Unser Geheimtipp: Gemeinsame Lesungen des Paars

Die „Städte ohne Dattelpalmen“ erschienen 1992 in Köln auf Arabisch, die zweite Auflage 1994 in Kairo. Ursula beschließt, das Buch ins Deutsche zu übersetzen. Und es gelingt ihr ganz fantastisch. 2000 wird es dann bei edition selene publiziert, die ein Jahr zuvor schon den Band „Ein mit Tauben und Gurren gefüllter Koffer“ im Programm hatte. Gedichte, Kurzprosa, Träume, Erinnerungsfetzen – auf Deutsch/Arabisch oder Arabisch/Deutsch, je nachdem, ob man von vorne oder hinten zu lesen beginnt. Die deutschen und arabischen Texte treffen einander in der Mitte. Das Umschlagfoto und die Übersetzung stammen von Ursula. Ein kleines Gesamtkunstwerk. Ebenso wie der nächste Gedichtband (2002) „Aus dem Teppich meiner Schatten“, bei dem zusätzlich Tareks Illustrationen einfließen. Er malt nämlich auch. 

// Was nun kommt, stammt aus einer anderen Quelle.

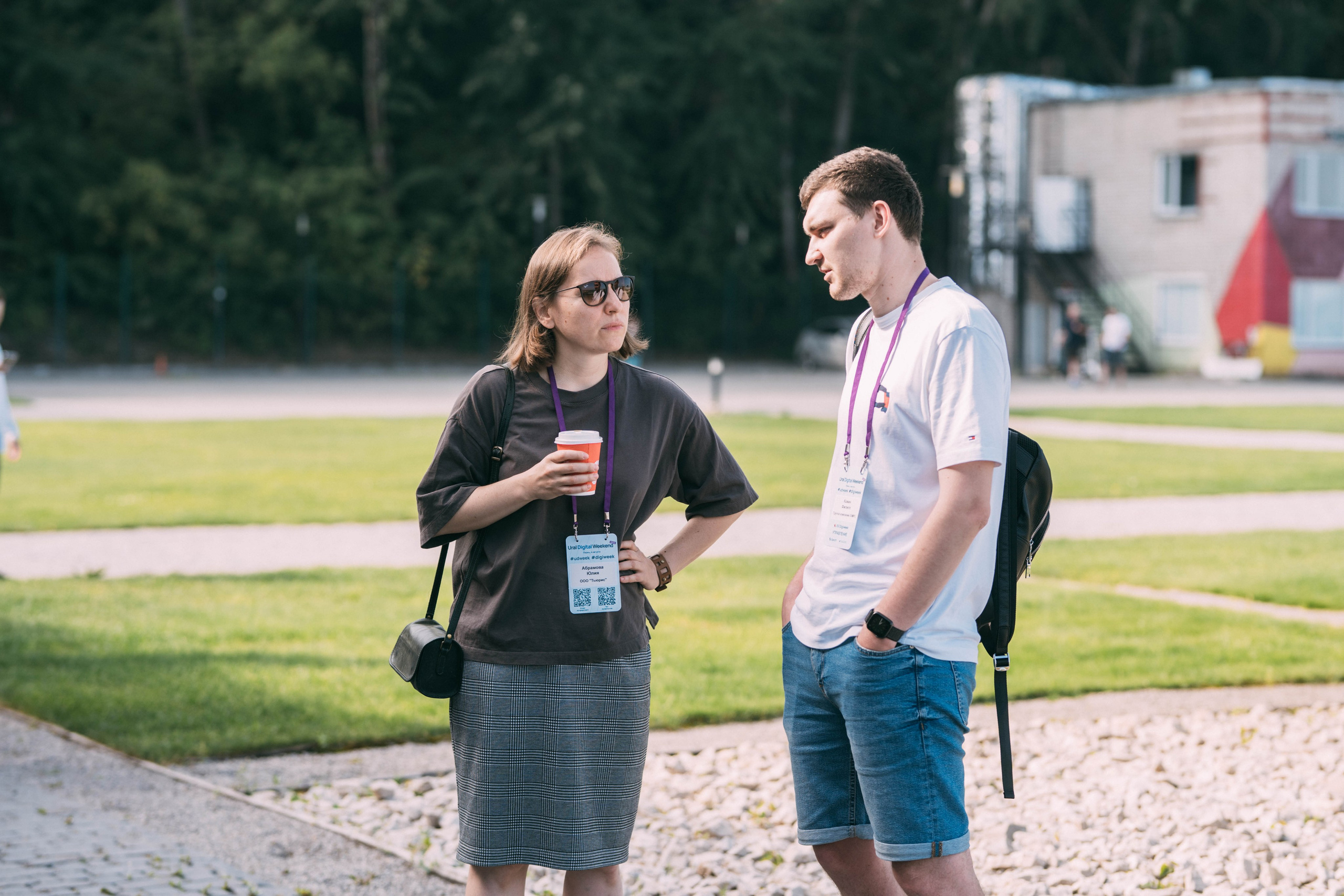 Ural Digital weekend. Свадебный и Мужской фотограф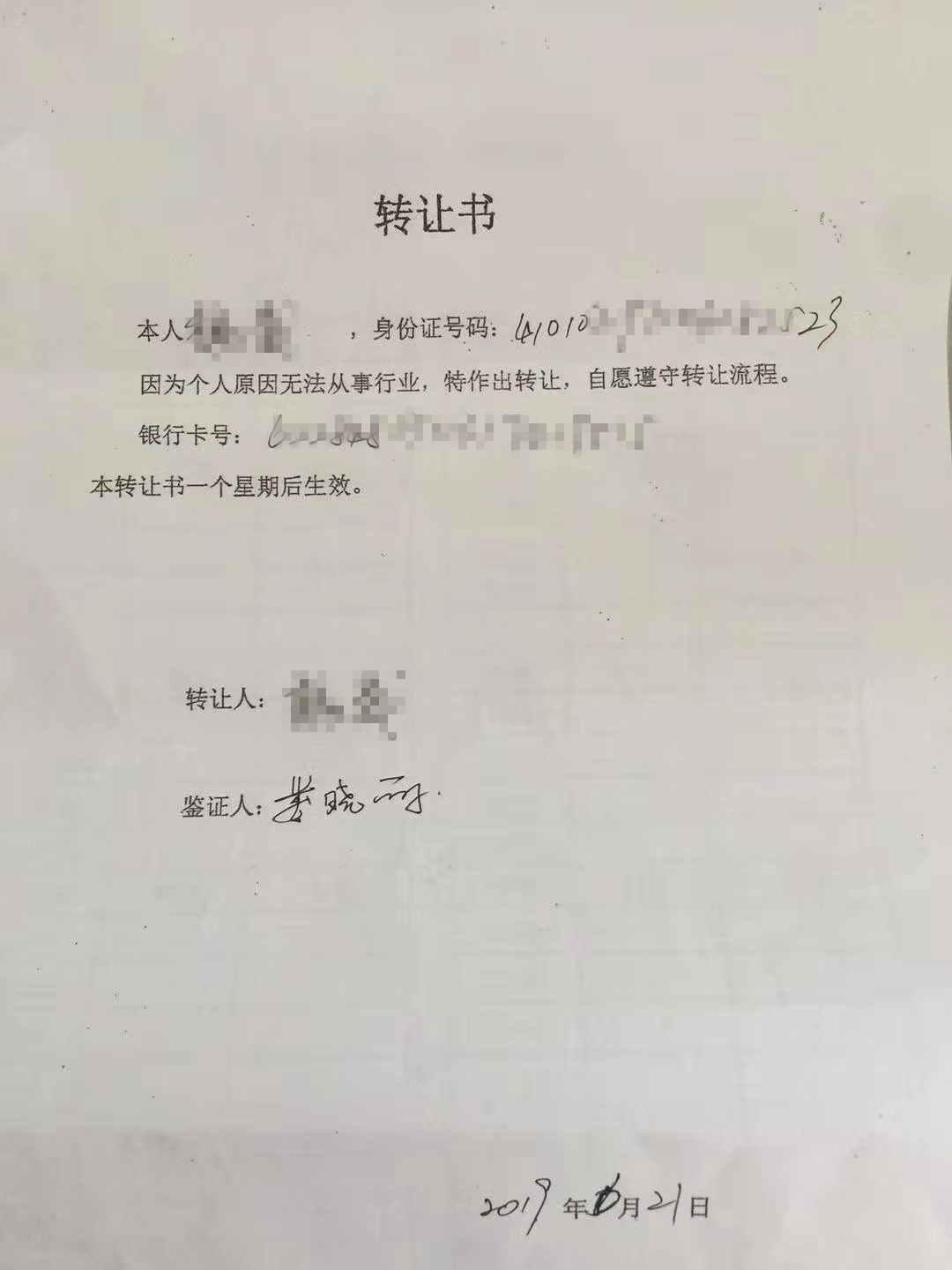 1_副本.jpg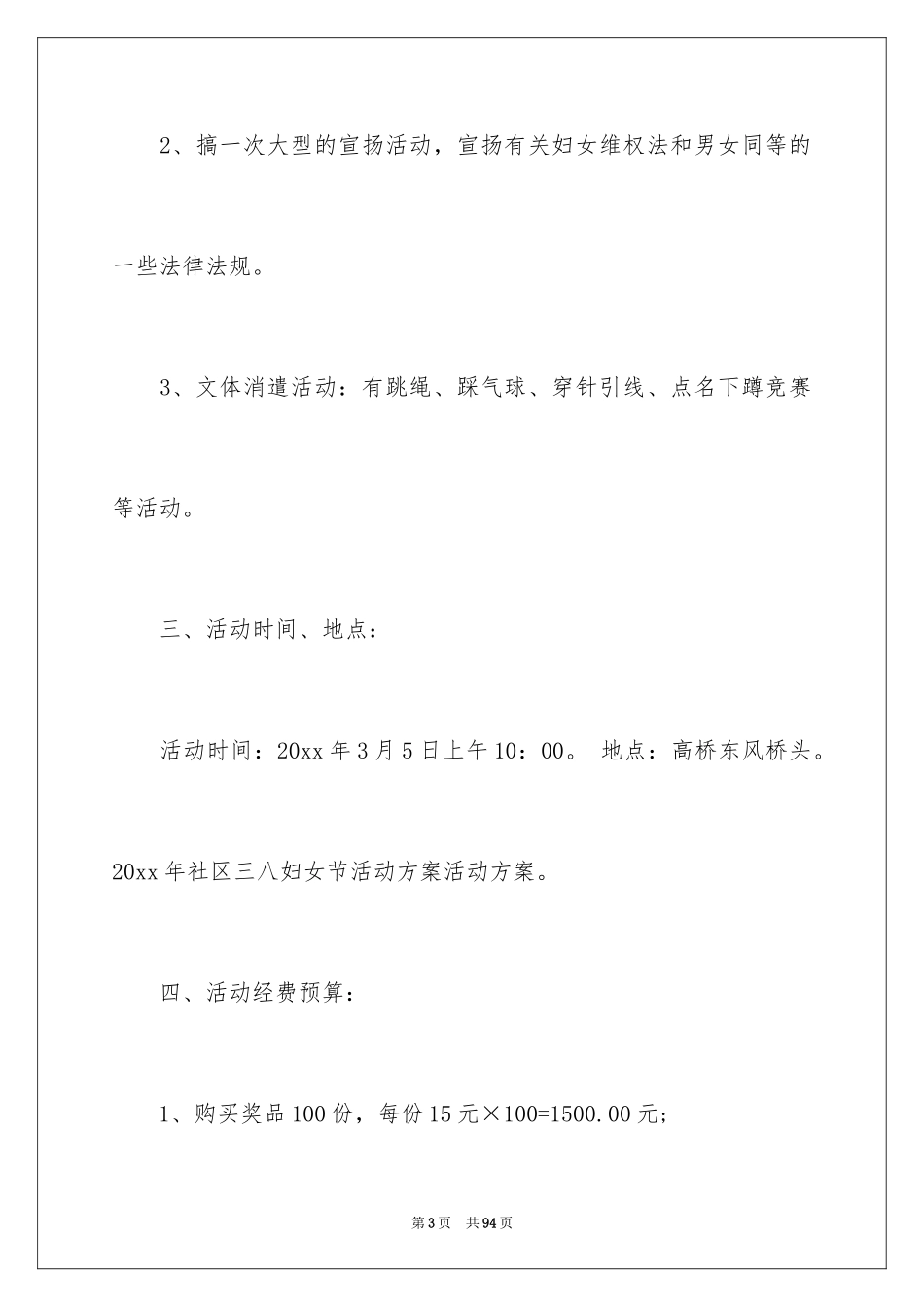 2024三八妇女节主题活动方案_1_第3页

Allmählich lernt Tarek immer mehr österreichische Dichter kennen. Er übersetzt zum Beispiel Gedichte von Christian Loidl, Gerhard Kofler und Friederike Mayröcker ins Arabische. Bei der Frankfurter Buchmesse 2004 mit dem Schwerpunkt „arabische Literatur“ ist er als Gast eingeladen. Seine sanfte Stimme ist immer wieder im Radio zu hören. 

Doch am schönsten sind die gemeinsamen Lesungen des Ehepaars Eltayeb. Beide lesen abwechselnd Arabisch und Deutsch. Poesie pur. Sie treten übrigens immer wieder auch in Ägypten gemeinsam auf. Ursula als Arabisch-Spezialistin und Tarek als österreichischer Dichter ... 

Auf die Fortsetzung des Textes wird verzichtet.